The GCC’s findings in RTBF I seem to provoke even more fault lines with regard to the existing CJEU jurisprudence however.

RTBF I concerned the case of A., who in 1982 was convicted of murder on a transatlantic yacht journey which attracted heavy media coverage. Released from prison in 2002, A. was made aware that news reports detailing his story were still available in the online archives of a large German news journal. Since 2009, A. had therefore been taking civil action to attain the reports’ deletion from the journal’s online archives. The GCC was now seized to decide if the ultimate dismissal of A.’s request through the Federal Court of Justice (BGH) violated his fundamental rights.

As the controversy here concerned the rights and duties of an original content provider, the media privilege was clearly pertinent, and the case therefore to be judged on the basis of German Grundgesetz fundamental rights. Freed from European restrictions, the GCC did not limit itself to simply striking a nation-specific balance between the fundamental rights of data subject A. (right to protection of personal data) and those of the data processing news journal (free speech, freedom of press), but instead shifted the conflict of rights altogether.

Different from the CJEU which in data protection cases consistently refers to the individual’s right to control over his/her data, according to the GCC the notion of control is inappropriate to assess the deletion of original media content. Rather media coverage on an identifiable individual necessarily needed to be seen as a multipolar process of societal communication, in which all the communicating parties’ interests (individual, media, audience) had to be taken into account in equal measure ab origine. Taking individual control as the standard of review would mask out the complexity of this clash of interests and unduly privilege the individual with a legal prerogative to determine the fate of “his or her” information. The GCC thus rejects the CJEU’s conceptualization of the rtbf as a fundamentally individual-controlled claim right vesting the individual with the power to demand the erasure of personal information as a matter of principle – albeit subject to specific exceptions. According to the GCC, the individual’s position was more aptly covered by the general right of personality which protects individuals from media coverage overly limiting their personal development as a free and autonomous individuality. This also positions the rtbf much closer to the laws of slander and reputation so far absent from European data protection discourse.

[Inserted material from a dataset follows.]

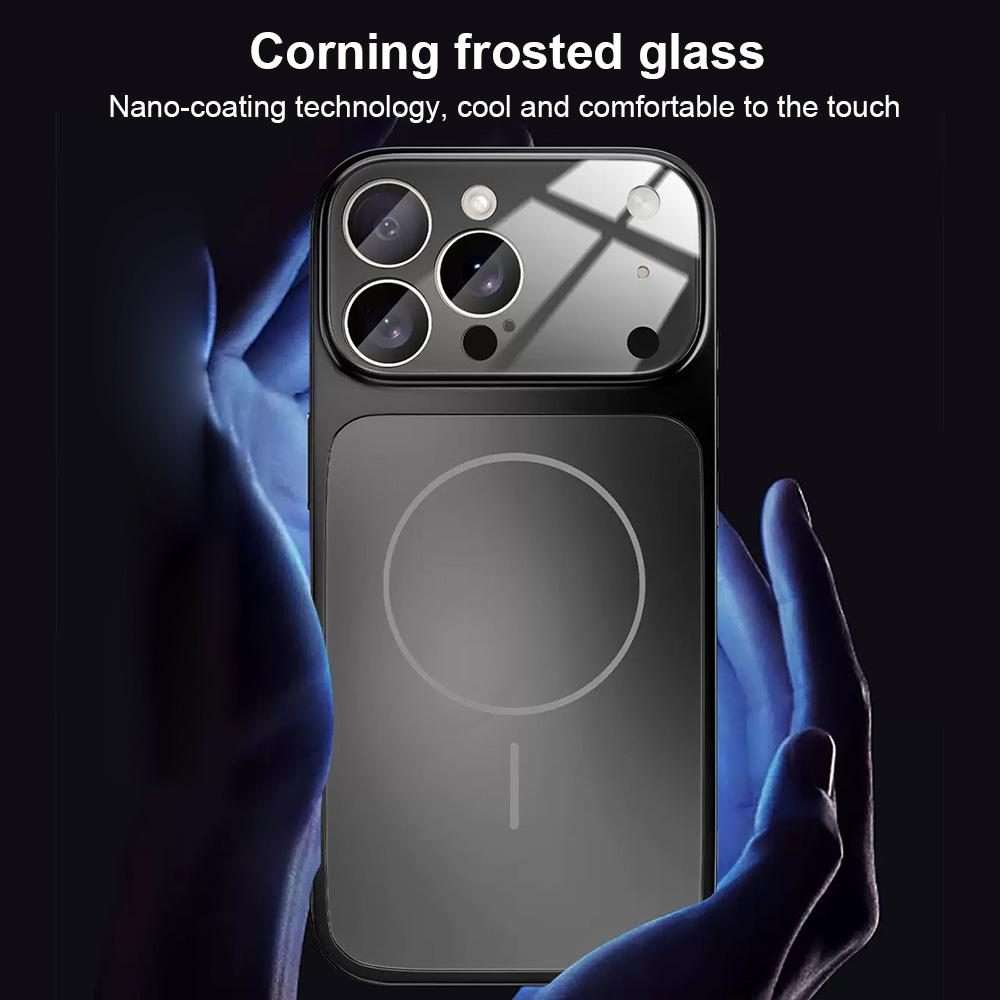 For iPhone 14 Pro Max Change to 17 Big Lens Window Frosted MagSafe Phone Case(Orange)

The GCC’s conceptualizations clearly stand in contrast to Google Spain, Google LLC and GC and others which not only see individual data control as the rtbf’s underlying normative principle, but also derive from this that the individual’s claim to erasure must under normal conditions prevail over third party interests and has to step back only exceptionally where there is a heightened public interest in the information. Specifically concerning this last stance on the general priority of individuals’ data rights opposite to the legal positions of media institutions and the general audience, it seems inevitable that the CJEU clarifies to which standards future cases will be held.

  1. Conclusion

In its judgments the GCC presents a coherent system for EU multilevel fundamental rights adjudication and enriches the discourse on the right to be forgotten with much-needed perspectives concerning the broader normative principles at stake. At the same time, however, the two decisions clearly illustrate how easily this new system of integrated fundamental rights adjudication can lead to legal inconsistencies. One solution for this seems to be for the GCC to readily make use of the preliminary reference mechanism. If not, the GCC’s new vocation to apply CFR rights directly might lead to a situation where European courts talk about each other, but not with each other.